Entenda polêmica e mudança de no elenco do filme Geni e o Zepelim
Diretora Anna Muylaert se pronunciou e produção substitui atriz cis após debate sobre representatividade e acusações de “transfake"

anúncio do filme Geni e o Zepelim, inspirado na canção homônima de Chico Buarque, provocou uma onda de críticas nas redes sociais e levantou um importante debate sobre representatividade no audiovisual brasileiro. A polêmica começou com a escolha da atriz Thainá Duarte, uma mulher cis, para viver Geni — personagem retratada como travesti na peça Ópera do Malandro, de 1978. Diante da repercussão negativa, a produção do filme decidiu substituir a protagonista por uma atriz trans.
A origem da controvérsia
A escalação de Thainá como Geni foi anunciada em 15 de abril. Segundo a proposta original da diretora Anna Muylaert (conhecido por dirigir filmes como Que Horas Ela Volta?), o longa se passaria na Amazônia e apresentaria Geni como uma mulher cis, moradora de uma cidade ribeirinha. A narrativa também teria um desfecho diferente do da personagem no musical, com o aval do próprio Chico Buarque.
No entanto, a ausência de uma atriz trans no papel principal gerou críticas imediatas. A produção foi acusada de praticar “transfake” — termo usado quando pessoas cis interpretam personagens trans. Para muitas vozes da comunidade LGBTQIAPN+, a escolha foi vista como mais um caso de apagamento da identidade trans em produções culturais.
Reação da diretora
Diante da repercussão, Muylaert se pronunciou em vídeo publicado nas redes sociais no dia 16 de abril. Ela explicou que a personagem não havia sido pensada como trans na releitura proposta e que diversas interpretações da figura de Geni foram consideradas durante o desenvolvimento do projeto.

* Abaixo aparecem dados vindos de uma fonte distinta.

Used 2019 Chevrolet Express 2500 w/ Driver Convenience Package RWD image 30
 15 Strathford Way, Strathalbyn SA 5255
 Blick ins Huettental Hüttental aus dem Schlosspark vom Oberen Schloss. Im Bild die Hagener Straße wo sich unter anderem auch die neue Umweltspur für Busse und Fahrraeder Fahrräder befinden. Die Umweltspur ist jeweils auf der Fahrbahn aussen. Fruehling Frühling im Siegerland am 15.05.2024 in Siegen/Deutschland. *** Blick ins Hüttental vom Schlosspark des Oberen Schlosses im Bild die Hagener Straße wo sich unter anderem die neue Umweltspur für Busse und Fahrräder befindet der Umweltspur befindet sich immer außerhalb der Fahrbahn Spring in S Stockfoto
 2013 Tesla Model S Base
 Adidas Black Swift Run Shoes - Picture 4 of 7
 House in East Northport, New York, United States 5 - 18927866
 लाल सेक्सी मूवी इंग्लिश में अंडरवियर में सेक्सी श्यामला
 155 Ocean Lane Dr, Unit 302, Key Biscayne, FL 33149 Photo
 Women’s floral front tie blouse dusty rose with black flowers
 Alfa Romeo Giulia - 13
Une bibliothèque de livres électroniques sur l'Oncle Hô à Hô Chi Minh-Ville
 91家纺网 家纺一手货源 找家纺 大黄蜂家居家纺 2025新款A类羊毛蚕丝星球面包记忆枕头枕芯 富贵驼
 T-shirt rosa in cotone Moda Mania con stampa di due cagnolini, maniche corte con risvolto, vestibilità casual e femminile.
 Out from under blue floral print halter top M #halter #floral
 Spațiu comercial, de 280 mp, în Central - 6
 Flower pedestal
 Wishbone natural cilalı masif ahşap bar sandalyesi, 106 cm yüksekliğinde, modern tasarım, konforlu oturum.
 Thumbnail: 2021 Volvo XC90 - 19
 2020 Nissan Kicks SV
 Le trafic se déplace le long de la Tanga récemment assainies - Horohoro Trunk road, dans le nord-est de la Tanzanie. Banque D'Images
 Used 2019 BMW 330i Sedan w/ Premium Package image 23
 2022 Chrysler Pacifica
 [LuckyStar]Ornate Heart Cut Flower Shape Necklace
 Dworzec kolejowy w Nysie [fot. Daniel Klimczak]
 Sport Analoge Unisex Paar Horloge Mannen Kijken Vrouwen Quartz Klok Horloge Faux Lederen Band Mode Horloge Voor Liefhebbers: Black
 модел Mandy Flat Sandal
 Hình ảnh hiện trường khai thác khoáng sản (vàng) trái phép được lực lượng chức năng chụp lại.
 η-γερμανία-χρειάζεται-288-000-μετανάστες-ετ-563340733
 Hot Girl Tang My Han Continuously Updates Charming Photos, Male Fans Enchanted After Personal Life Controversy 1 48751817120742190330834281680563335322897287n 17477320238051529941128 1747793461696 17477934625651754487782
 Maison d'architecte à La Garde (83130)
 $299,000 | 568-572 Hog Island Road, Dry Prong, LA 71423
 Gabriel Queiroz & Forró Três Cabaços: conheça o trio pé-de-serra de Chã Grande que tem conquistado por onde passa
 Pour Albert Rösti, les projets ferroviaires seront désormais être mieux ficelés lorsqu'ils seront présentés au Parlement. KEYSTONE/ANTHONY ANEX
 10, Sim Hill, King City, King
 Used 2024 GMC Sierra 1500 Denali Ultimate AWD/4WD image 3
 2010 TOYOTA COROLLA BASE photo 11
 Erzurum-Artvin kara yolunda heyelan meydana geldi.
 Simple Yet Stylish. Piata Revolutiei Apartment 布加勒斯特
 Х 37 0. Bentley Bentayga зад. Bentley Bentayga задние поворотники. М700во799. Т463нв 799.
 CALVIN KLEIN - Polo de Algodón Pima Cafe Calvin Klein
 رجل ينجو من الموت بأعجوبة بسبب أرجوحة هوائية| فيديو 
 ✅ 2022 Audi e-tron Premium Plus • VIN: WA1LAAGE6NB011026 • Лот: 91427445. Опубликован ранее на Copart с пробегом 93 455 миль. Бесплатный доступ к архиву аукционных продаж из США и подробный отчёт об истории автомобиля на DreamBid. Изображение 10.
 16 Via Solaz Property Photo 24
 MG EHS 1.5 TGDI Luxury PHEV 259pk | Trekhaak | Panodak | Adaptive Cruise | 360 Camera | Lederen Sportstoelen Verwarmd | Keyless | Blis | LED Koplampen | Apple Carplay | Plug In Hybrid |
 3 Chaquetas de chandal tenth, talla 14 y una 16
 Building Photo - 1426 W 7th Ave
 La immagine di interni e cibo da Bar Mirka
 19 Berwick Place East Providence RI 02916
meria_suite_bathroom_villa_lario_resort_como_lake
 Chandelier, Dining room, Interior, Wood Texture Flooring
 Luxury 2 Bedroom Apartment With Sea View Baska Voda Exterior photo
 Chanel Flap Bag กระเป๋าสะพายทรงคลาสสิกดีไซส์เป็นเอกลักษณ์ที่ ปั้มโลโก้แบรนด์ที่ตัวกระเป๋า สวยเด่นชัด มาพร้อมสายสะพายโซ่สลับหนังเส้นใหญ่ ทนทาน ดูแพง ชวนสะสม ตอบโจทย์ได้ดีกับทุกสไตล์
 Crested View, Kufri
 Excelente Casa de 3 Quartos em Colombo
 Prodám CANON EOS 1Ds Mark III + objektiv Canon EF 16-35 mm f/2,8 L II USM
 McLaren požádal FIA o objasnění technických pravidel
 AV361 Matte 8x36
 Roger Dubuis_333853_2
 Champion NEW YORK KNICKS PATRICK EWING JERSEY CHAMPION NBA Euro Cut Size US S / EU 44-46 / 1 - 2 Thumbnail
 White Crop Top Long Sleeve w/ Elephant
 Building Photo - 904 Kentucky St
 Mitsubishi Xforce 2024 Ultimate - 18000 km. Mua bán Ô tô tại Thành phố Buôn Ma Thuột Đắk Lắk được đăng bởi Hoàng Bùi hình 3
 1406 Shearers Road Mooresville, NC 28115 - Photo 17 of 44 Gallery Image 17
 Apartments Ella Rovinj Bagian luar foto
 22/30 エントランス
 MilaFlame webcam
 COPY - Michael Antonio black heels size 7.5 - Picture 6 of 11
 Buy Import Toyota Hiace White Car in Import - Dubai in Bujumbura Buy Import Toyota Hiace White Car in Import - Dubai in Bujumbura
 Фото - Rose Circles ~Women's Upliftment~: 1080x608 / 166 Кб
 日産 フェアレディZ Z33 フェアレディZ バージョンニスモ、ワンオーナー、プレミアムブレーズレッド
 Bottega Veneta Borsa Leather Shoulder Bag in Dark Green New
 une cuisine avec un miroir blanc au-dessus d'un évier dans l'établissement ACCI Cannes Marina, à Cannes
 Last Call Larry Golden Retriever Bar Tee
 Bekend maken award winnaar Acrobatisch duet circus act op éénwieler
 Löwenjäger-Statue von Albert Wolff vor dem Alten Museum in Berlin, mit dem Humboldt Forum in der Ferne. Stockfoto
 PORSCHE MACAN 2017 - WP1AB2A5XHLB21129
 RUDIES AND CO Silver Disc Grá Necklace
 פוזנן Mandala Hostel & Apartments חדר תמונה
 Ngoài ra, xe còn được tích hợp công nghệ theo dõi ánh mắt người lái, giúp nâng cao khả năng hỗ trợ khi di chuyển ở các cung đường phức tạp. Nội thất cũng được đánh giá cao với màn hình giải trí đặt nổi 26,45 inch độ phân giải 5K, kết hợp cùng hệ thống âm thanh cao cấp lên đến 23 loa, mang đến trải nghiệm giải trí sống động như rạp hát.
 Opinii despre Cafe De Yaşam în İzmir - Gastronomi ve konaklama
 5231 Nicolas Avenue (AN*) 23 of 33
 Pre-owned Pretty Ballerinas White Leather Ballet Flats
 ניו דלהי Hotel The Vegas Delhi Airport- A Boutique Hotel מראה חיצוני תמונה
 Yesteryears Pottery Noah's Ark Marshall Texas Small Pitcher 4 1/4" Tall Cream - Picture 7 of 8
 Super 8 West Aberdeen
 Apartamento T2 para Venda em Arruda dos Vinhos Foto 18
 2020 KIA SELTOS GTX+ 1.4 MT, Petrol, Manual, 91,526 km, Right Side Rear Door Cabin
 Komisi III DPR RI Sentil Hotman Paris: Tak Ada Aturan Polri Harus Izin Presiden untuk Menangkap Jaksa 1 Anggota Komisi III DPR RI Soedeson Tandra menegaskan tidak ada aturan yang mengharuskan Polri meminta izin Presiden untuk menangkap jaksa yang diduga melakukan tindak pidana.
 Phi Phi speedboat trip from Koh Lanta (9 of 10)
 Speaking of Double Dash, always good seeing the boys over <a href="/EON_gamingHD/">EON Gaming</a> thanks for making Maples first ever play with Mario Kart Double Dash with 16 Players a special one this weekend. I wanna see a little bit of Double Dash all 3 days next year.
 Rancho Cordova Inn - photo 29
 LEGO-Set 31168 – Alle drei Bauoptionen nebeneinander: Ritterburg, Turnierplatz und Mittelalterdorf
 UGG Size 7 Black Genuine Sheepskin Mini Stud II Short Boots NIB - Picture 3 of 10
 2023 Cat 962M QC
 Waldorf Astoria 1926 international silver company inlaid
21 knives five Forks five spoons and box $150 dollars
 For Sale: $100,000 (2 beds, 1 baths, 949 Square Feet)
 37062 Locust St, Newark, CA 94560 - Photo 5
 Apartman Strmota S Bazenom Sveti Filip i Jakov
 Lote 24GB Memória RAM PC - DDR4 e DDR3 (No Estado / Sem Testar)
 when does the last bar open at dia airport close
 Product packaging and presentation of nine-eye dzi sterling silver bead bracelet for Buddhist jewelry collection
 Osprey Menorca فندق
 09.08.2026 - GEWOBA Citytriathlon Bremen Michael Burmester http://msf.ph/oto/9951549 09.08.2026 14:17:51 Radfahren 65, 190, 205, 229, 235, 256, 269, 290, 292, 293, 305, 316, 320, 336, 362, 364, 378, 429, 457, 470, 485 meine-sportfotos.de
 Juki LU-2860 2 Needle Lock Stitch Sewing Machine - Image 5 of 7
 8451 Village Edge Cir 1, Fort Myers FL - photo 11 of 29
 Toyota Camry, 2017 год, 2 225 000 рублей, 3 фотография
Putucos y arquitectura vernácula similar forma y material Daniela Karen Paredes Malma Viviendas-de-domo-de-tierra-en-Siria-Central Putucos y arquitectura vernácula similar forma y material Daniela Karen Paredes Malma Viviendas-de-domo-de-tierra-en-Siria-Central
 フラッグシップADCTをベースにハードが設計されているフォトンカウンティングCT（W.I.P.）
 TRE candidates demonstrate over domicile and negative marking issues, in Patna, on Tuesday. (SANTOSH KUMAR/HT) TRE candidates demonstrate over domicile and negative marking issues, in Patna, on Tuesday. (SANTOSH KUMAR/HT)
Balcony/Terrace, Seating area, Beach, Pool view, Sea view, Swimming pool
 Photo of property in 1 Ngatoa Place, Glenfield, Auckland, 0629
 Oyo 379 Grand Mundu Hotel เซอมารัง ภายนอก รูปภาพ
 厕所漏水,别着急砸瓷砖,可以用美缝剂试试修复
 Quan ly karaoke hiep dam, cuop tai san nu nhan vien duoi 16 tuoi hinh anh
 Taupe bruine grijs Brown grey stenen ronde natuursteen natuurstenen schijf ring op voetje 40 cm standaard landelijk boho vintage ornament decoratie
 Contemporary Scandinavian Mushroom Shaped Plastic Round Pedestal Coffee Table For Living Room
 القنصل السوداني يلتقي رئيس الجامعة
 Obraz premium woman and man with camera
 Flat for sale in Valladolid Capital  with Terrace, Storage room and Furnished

“Durante o processo de criação deste filme, a gente entendeu que a letra do Chico e o conto do Guy de Maupassant, Bola de Seda, no qual o Chico diz ter se inspirado, poderiam ter várias leituras: poderia ser uma mulher trans; poderia ser uma mãe solteira; poderia ser uma presidente tirada do poder sem crime de responsabilidade; poderia ser uma floresta atacada por oportunistas”, disse Anna.
“Quero abrir o diálogo e jogar a pergunta: essa letra do Chico, essa poesia, hoje em 2025, só pode ser interpretada como uma mulher trans? Se for esse o entendimento coletivo, a gente vai repensar o nosso filme”, continuou.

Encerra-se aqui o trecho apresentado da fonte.